### TASK BRIEF
Below is a listing with pictures. Repeat exactly the lines starting at the one holding "You can look" and going on through the one holding "Our final reaction", and leave every picture out.
====== DATASET EXCERPTS
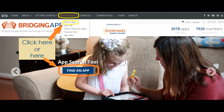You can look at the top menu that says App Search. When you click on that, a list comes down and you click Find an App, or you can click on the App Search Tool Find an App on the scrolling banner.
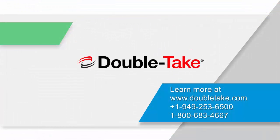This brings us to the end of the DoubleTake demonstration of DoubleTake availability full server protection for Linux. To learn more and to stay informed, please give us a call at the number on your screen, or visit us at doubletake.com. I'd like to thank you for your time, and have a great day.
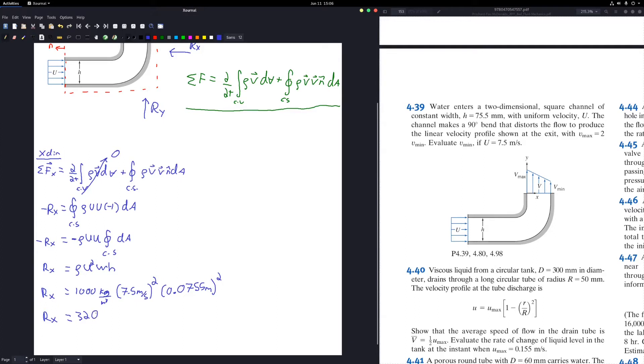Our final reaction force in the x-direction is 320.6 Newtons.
============
====== DATASET EXCERPTS
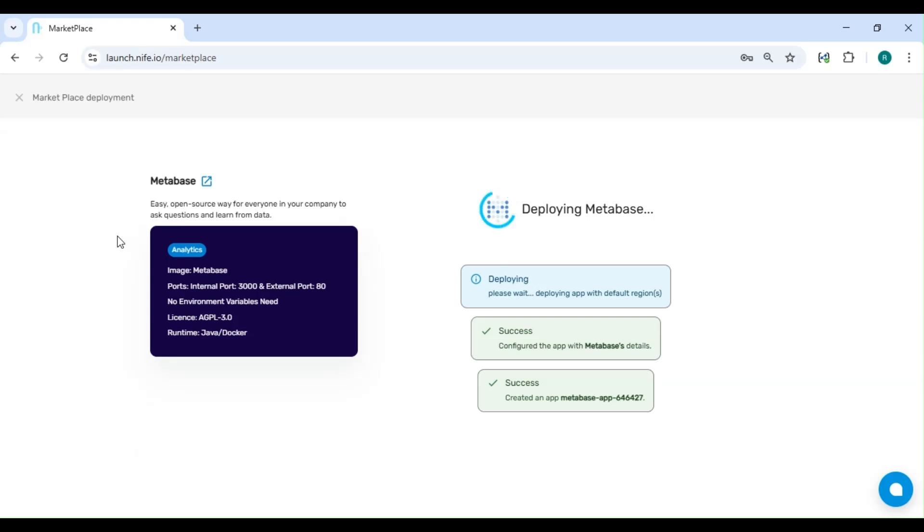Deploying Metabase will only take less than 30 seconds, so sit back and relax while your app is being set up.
============
### TASK OUTPUT
You can look at the top menu that says App Search. When you click on that, a list comes down and you click Find an App, or you can click on the App Search Tool Find an App on the scrolling banner.
This brings us to the end of the DoubleTake demonstration of DoubleTake availability full server protection for Linux. To learn more and to stay informed, please give us a call at the number on your screen, or visit us at doubletake.com. I'd like to thank you for your time, and have a great day.
Our final reaction force in the x-direction is 320.6 Newtons.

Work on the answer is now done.